Twilight, Lady Gaga, and women’s structure of desire
This post is badly written, and I apologize, but it is a complicated post and would take longer than I want to write it well.
What do women want has been an age old discussion. It seems
what teenage girls (of a certain kind) want can be more easily described at the
moment, and this might be a good start to understand the general structure of
desire, especially as most women never completely grow up from the 15 year old
fantasy of desire (nor do men).
“To be courted you have to have two suitors and not one.” All of a sudden I understood, through
Twilight,why is that. There has to be a loser! To be desired means, for women, someone
not getting you. This is unintuitive, but I’ll explain why.
To be utterly passive, a bare source of extreme attraction.
Think of a very strong magnet which pulls everyone towards it. But what is
interesting is not merely the pulling, but the managing to keep away. As
Margaret Mead so eloquently and brilliantly put, quoted in
post, women need
both to attract but also to provide a hindrance. It is their responsibility to make sure that
the deed is not consummated. The ultimate woman can thus manage to keep at bay
the most extreme attraction.
So also the need and desire for someone strong to “protect
them.” If you have protection you can have the strongest attraction, shine the
brightest, and still be safe, while without a protector it is dangerous to
shine even a little bit, at least in the utterly
passive state.
The place of desire they want is to be this extremely powerful source of attraction, of beauty, while creating a certain force that will keep
people at bay. They want to feel like a magician who can control the forces
around them, with attackers and protectors as ways of not piercing the
shield, but yet extremely attractive.
In several discussions here the structure of desire, how
desire works, has been debated. The basic contentious point of view is that of “Desire
is always the desire of the other.” Note
discussions on
Jealousy, and desire is always the desire of the other;
What is Valentine’s
day like in the Girard household;
The spark of love; and other discussions whose thread can be found through those. The topic of
Vampires should also be mentioned.
The Twilight series is all about these triangles of desire. The
question is not who Bella, the leading character, is attracted to, it’s the
fact that both men are attracted to her and they can’t both have her. Perhaps
this is a major point in women being for
monogamous relationships?
Clearly Bella would want to be with both of them, but then how could one of
them lose her. The latest film, Twilight Eclipse is all about the men having to
see the other man touch her. Why is having the men suffer in seeing her touch
the other so important for the women to feel the desire?
No, desire is not simply the desire of the other, it is not
simply that she needs a different woman to want her man, what she further needs is different
men to want her, or simply a certain complicated case of strong attraction
which remains in tension. Unfulfilled desire.
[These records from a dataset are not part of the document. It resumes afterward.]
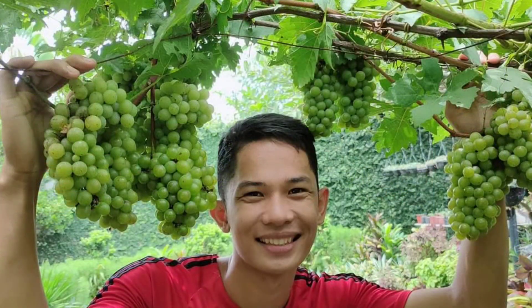Yan po mga kababayan, tapos na po tayo ng vlog sa back to training ng grapes — kung paano magtanggal ng sakit na fungus, magpaganda ng bagong usbong, at magkaroon ng magandang fruiting arms para magbunga sila ng maganda. At bago ko po tapusin ang vlog na to mga kababayan, nais ko pong i-shout out si—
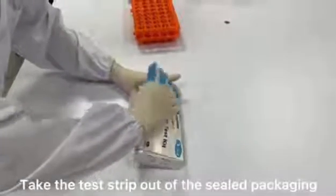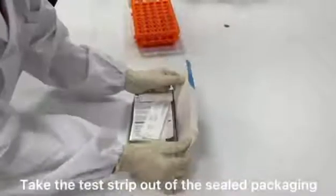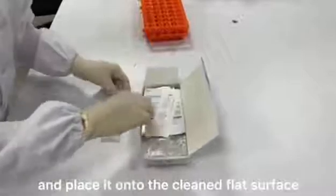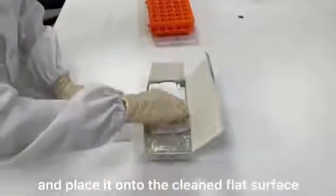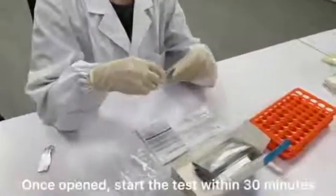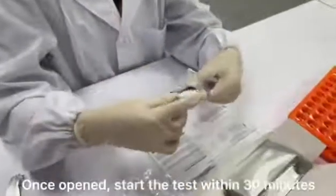Take the test strip out of the sealed packaging and place it onto a cleaned flat surface. Once opened, start the test within 30 minutes.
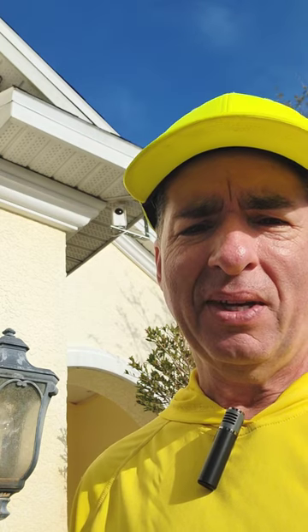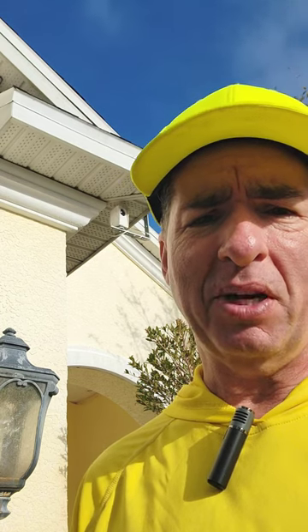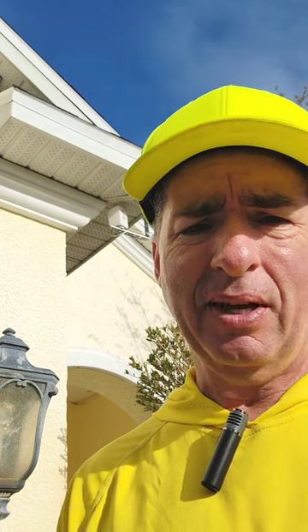Hey, what's up? I want to introduce you to my security camera system. I use Wyze Cam Pan Cams. They're really cheap, very durable. I've had mine for years. I have them all over the inside of the house and the outside of the house.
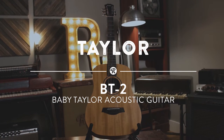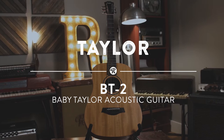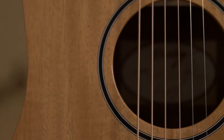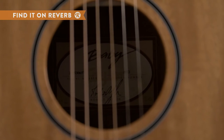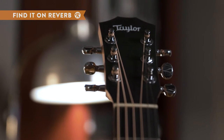The Mahogany Topped BT-2 Baby Taylor from Taylor Guitars is one of the staples in the travel guitar category with its three-quarter size. The Baby Taylor has a surprisingly full sound for a smaller guitar, so that you're not sacrificing much in the tone department if you want to mic it up and use it on stage.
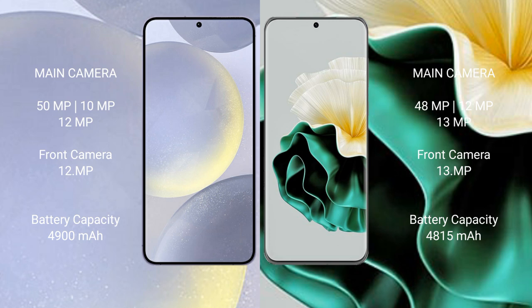The Samsung Galaxy S24 Plus has a 4900mAh battery with 45W fast charging support. The Vivo 60 has a 4815mAh battery with 66W fast charging support.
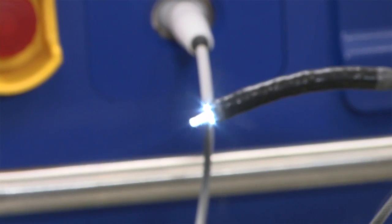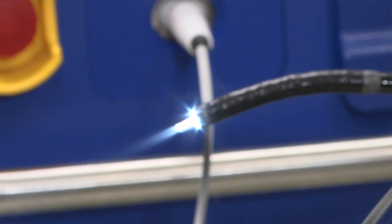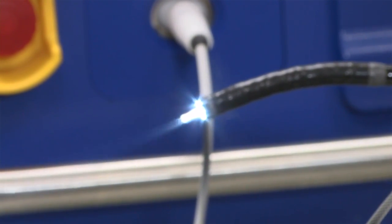This is sprayed on the targeted area of interest, typically for 20 seconds, with the timer beginning once we see complete freeze of the targeted tissues.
One important note further make is how
What women want is not the man but the life. They want the (fantasy?) world, the life, which comes with the man and not just the man himself.
I will leave it here for now, but I wanted to also connect
this with the question of Lady Gaga. There are many similarities between the
two phenomenons.
(A popular must add caveat for such discussions. Women and men have long
since stopped being seperated entities. Men are feminine and women are masculine and the structure of desire I describe is perhaps what could be called feminine, with many men being feminine and women masculine, etc.).